### Task goal
Lines below containing the word "carpet" should be copied out.

(Crawled caption data)
▽

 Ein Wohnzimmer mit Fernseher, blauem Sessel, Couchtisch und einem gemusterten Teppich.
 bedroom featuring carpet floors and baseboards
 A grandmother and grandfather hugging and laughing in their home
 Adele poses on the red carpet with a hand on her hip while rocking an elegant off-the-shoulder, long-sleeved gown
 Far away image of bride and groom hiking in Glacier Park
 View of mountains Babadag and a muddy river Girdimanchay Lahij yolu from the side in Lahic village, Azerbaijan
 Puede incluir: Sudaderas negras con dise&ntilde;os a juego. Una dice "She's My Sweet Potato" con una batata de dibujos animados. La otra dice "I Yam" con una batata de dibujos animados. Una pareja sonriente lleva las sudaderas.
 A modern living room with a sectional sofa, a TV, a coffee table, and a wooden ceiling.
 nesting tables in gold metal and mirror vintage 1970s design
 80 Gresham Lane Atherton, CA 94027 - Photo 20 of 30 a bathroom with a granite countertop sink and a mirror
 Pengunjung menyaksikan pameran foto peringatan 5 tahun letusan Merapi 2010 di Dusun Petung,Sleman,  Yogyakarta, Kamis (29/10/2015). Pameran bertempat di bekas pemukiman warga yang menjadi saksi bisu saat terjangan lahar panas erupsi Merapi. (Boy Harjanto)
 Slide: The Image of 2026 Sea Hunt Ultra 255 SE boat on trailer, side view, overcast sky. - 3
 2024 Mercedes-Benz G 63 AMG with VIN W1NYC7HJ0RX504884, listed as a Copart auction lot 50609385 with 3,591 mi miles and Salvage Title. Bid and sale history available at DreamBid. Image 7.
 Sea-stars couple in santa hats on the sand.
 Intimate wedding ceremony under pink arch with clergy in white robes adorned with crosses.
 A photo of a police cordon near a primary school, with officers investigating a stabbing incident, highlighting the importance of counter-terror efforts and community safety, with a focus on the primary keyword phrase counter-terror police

△

### Response for this exercise
 bedroom featuring carpet floors and baseboards
 Adele poses on the red carpet with a hand on her hip while rocking an elegant off-the-shoulder, long-sleeved gown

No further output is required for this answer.